In the olden days, people had names like John Smith, or Bill Baker and so on, things that described what they did. A great many last names are actually like this, Thatcher, Fisher and so on.

So there is this idea of not revealing your identity, or your true self to just any old person, but only those you trust. That is what strategic enclosure is, to my mind, all about. It's actually a form of self-esteem. It's about valuing your essence enough to not give it out to people who don't deserve it.
 
I came to think of the strategy of the PTB in exercising power for domination, and how it might all go. Few if any revolt against being subject to the third kind of power (mainly those who work on themselves or are very idiosyncratic); more people revolt against the second, but impotently, and it still keeps authoritarian followers in check; only the first seems to tend to prompt real resistance.

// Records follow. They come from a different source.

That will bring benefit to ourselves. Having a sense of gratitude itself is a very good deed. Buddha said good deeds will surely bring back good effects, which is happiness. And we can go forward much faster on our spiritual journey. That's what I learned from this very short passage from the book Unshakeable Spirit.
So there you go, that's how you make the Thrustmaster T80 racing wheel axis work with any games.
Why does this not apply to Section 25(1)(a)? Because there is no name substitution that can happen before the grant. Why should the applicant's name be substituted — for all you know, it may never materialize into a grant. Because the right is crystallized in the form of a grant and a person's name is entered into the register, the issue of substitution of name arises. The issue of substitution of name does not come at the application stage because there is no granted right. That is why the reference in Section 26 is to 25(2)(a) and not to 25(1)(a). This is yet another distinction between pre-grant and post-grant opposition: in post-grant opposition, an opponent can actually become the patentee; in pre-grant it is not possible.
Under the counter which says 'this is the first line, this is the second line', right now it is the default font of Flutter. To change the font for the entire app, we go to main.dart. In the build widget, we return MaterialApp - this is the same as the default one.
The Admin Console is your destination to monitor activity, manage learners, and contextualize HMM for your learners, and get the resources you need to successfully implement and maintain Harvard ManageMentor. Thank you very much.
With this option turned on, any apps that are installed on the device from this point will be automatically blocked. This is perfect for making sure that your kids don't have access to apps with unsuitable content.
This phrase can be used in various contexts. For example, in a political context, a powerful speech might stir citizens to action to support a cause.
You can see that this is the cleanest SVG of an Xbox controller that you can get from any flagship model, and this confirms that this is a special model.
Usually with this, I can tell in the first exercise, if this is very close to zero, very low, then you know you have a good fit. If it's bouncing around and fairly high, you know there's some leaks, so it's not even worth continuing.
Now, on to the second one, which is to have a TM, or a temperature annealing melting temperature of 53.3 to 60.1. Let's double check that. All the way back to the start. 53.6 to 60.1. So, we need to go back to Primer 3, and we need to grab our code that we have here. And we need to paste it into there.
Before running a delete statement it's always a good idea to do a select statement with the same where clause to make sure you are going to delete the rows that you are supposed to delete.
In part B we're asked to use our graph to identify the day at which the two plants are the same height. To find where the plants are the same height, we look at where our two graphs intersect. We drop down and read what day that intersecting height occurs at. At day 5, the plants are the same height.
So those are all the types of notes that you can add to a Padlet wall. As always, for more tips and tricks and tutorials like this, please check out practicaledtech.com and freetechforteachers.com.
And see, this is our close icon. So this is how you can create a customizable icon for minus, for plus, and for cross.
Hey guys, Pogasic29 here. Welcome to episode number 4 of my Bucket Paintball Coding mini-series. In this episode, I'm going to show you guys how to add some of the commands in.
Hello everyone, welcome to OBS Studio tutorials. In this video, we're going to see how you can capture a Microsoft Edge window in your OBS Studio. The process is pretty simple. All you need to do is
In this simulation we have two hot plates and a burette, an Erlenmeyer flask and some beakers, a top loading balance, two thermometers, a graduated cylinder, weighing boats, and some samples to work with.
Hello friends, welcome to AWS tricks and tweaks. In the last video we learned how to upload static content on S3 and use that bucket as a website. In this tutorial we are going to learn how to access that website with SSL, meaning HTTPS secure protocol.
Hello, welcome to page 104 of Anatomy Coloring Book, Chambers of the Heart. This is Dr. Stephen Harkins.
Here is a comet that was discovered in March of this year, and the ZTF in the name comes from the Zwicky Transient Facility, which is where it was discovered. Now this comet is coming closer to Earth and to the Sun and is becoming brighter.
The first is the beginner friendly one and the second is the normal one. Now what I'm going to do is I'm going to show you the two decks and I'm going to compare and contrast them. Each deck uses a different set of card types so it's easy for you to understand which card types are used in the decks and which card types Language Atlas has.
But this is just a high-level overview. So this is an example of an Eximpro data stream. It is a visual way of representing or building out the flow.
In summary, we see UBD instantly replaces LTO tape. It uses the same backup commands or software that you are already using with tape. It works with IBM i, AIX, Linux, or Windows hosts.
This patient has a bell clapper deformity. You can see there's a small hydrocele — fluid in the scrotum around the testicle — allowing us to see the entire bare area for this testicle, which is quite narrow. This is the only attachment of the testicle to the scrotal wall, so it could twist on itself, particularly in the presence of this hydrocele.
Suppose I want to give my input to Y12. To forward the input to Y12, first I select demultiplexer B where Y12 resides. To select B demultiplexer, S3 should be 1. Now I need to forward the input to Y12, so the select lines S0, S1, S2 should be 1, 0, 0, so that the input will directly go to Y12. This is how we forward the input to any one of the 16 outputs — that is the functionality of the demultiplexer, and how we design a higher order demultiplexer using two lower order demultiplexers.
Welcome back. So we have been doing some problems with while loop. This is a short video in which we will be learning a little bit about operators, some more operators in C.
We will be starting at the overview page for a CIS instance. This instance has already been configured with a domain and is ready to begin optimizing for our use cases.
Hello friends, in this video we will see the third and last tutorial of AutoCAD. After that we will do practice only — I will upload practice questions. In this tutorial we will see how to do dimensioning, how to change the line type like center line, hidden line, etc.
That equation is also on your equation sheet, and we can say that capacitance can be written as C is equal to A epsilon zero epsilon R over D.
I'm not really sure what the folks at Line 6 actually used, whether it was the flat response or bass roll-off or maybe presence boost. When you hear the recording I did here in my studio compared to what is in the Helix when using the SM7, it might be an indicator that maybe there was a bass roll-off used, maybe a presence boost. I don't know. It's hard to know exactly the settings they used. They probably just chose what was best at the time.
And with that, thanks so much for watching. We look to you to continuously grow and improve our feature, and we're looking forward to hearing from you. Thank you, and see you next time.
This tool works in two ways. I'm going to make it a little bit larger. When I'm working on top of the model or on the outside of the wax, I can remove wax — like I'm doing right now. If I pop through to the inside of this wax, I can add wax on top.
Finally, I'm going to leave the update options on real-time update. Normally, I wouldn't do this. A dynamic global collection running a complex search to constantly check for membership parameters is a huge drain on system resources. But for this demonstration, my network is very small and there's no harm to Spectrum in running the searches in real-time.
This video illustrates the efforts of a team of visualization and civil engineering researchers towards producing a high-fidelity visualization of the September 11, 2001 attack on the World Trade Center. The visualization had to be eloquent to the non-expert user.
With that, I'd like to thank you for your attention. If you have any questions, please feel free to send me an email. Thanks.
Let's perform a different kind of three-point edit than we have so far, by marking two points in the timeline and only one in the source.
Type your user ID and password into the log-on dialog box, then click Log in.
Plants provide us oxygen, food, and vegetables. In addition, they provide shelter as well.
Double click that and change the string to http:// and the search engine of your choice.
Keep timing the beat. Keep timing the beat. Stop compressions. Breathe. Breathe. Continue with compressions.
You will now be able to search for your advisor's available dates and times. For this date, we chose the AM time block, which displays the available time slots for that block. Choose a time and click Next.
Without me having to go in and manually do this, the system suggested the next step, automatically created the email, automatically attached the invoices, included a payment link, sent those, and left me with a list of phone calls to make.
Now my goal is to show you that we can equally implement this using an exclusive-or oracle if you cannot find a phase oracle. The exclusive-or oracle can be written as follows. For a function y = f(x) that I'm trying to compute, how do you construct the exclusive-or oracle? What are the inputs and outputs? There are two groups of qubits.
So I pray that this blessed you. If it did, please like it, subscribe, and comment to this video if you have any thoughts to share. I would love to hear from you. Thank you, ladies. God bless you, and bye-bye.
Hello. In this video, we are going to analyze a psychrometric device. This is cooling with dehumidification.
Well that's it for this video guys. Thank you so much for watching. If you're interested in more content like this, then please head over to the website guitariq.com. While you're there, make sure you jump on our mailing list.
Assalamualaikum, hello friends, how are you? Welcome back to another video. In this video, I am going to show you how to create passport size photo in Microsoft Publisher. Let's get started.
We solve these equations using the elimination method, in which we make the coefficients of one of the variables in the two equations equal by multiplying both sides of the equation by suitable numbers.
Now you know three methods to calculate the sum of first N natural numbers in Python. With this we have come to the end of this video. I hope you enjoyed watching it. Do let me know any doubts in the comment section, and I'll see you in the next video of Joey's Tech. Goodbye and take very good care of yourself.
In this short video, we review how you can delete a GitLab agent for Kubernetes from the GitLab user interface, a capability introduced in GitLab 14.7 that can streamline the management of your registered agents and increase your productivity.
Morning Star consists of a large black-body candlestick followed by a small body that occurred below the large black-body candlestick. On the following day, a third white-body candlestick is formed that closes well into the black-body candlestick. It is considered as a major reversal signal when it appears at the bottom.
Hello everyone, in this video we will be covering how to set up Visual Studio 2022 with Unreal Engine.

But the more conditioned and programmed people are by being subject to the third kind of power - and the more the second keeps them from having a framework for joining together to change things - the more accepting they become of overt oppression. The PTB create a boundary within which they can act freely, which they push outward by the use of the second and the third mode of power.

But what if the psychopaths in charge develop too much hubris? And think: "You think and do exactly as we want you to; you are so well-conditioned you'll simply take anything. Let's have some fun - we'll take all you have, hurt and kill many of you, and you'll just sit there and take it!" If they push their overt oppression beyond the safety margin established by programming the minds of the population, maybe they'll get more of a reaction than they expected.

The C's suggested that there would be "a big miscalculation made", and that this would "reveal the man behind the curtain". Perhaps this is not some specific event, but rather the PTB getting too eager in getting their jollies by inflicting misery, suffering and death at home (rather than in "far away" countries)?

That, I think, could spark a revolution. (Its effectiveness is another question, most likely answered in the negative as regards any long-term improvement.)